Simplified Explanation

The patent application describes automated few-shot learning techniques for artificial intelligence-based query answering systems. Here are the key points:

  • The method involves obtaining sets of queries and answers associated with tables.
  • The complexity of the queries is determined, and new queries are generated based on this complexity.
  • The new queries are annotated and used to train artificial intelligence-based query answering systems.
  • The trained systems can then perform automated actions based on the learned information.

Potential applications of this technology:

  • Improving the accuracy and efficiency of query answering systems.
  • Enhancing the performance of AI-based virtual assistants and chatbots.
  • Streamlining data analysis and decision-making processes.

Problems solved by this technology:

  • Limited availability of annotated data for training AI systems.
  • Difficulty in handling complex queries and providing accurate responses.
  • Time-consuming manual annotation and training processes.

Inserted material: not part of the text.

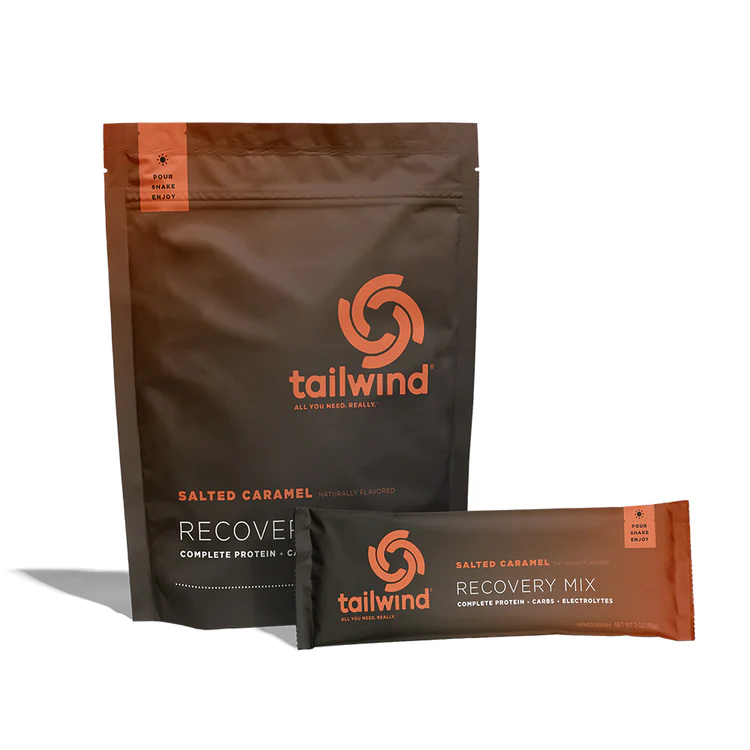 Tailwind_Recovery_Salted Caramel_Family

Benefits of this technology:

  • Enables efficient training of AI systems with limited annotated data.
  • Enhances the ability of AI systems to handle complex queries.
  • Automates query answering processes, saving time and effort.

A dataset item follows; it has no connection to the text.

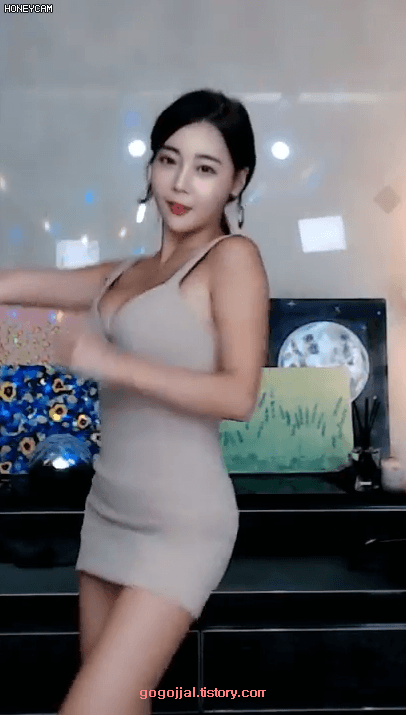 뭐야 tes 졌네요? ㄷㄷㄷ(0)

Original Abstract Submitted

Methods, systems, and computer program products for automated few-shot learning techniques for artificial intelligence-based query answering systems are provided herein. A computer-implemented method includes obtaining multiple sets of queries and answers associated with one or more tables; determining a level of complexity attributed to at least a portion of the queries from the multiple sets of queries and answers; determining, based at least in part on the determined level of complexity attributed to the at least a portion of the queries, one or more new queries for use in training at least one artificial intelligence-based query answering system; facilitating annotation of the one or more new queries; training the at least one artificial intelligence-based query answering system using at least a portion of the one or more annotated new queries; and performing at least one automated action using the at least one trained artificial intelligence-based query answering system.